I agree on the importance of these movements: they are the Via Campesina/ MST/ Zapatistas of our local political landscape, yet remain far more disempowered and oppressed in many cases.

http://en.wikipedia.org/wiki/Landless_Peoples_Movement

http://www.abahlali.org/taxonomy/term/1002

http://www.sdinet.org/country/south-africa/


Sarah
11 Sep

AbM, LPM and SDI

Hi Glen,

There are very different kinds of organisations. The first two are grassroots organisations. The third is an international NGO supported by the World Bank, the Gates Foundation and the South African state.
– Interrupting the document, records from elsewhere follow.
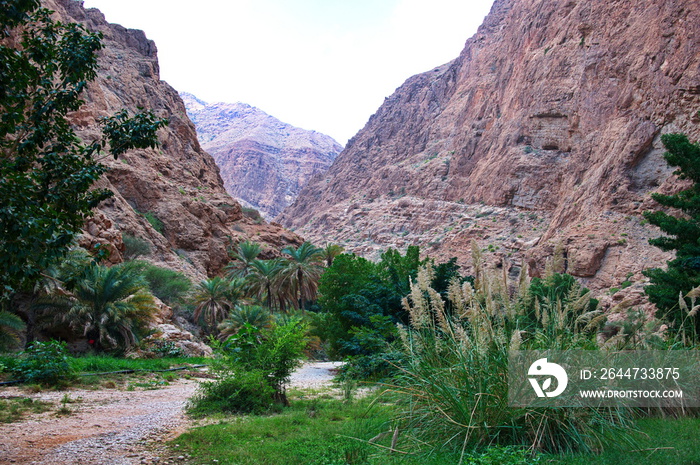 Wadi Shab - one of the most beautiful wadi in Oman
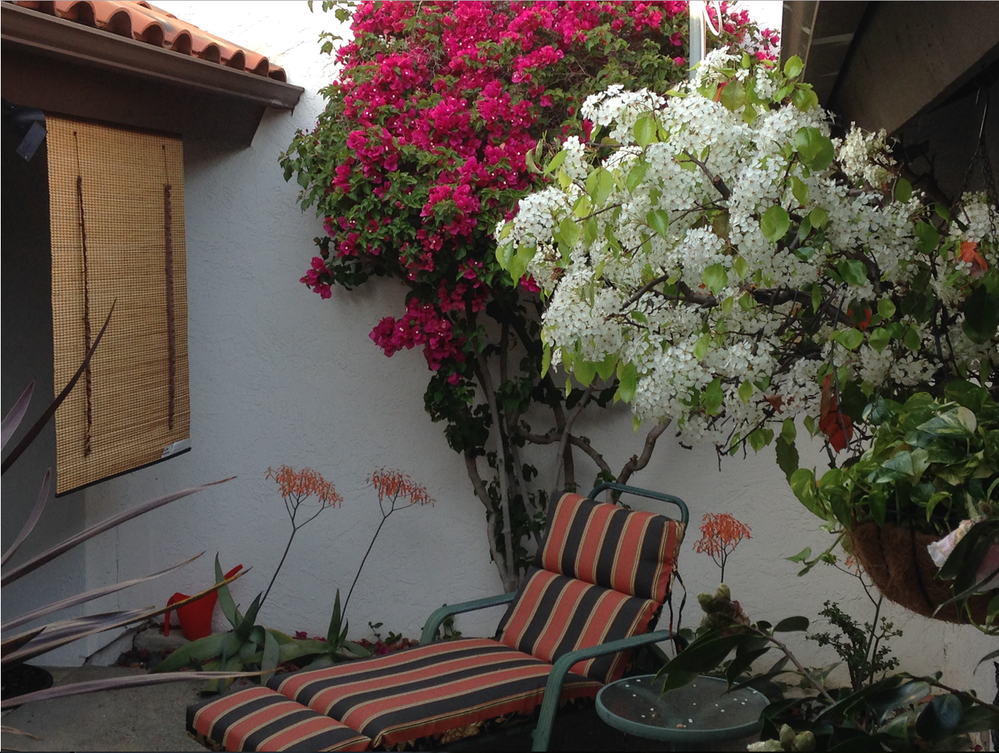 Bougainvillea tree in our courtyard.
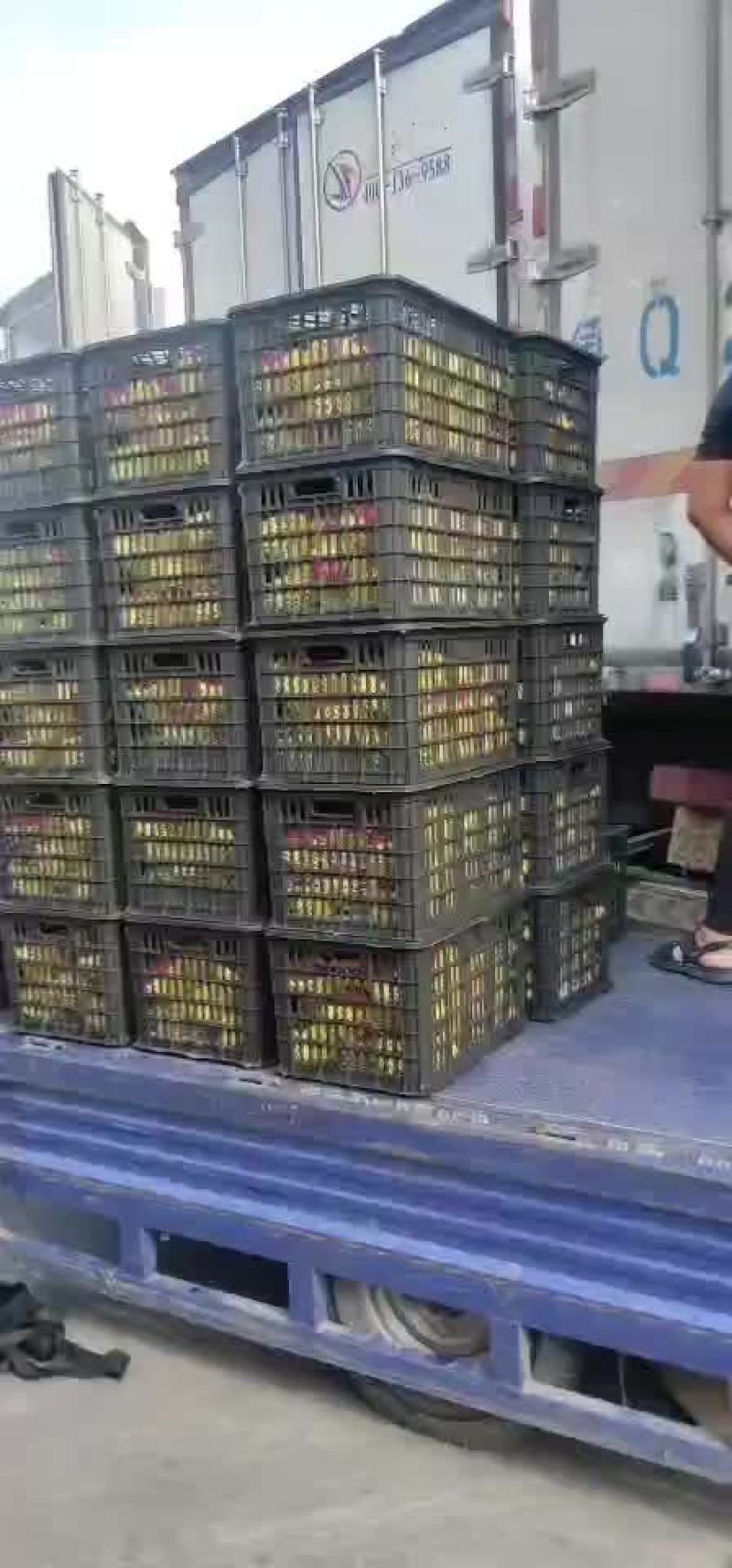 火龙果，蜜宝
See the paper by Podlushuc at: http://antieviction.org.za/2013/05/13/the-south-african-homeless-peoples-federation-interrogating-the-myth-of-participation-by-leopold-podlashuc/



Rory Verified user
6 Sep

Agriculture and Land, the Reform

Food security is the natural product of healthy agricultural practices. Healthy agricultural practices are agricultural practices that are predicated on a recognition that agriculture is not an industrial activity but rather a living relationship between the farmer and the Eco-system. Land reform which just aims to change the racial balance in the composition of the farming community otherwise leaving business to continue as usual is absolutely insufficient for our needs as a country.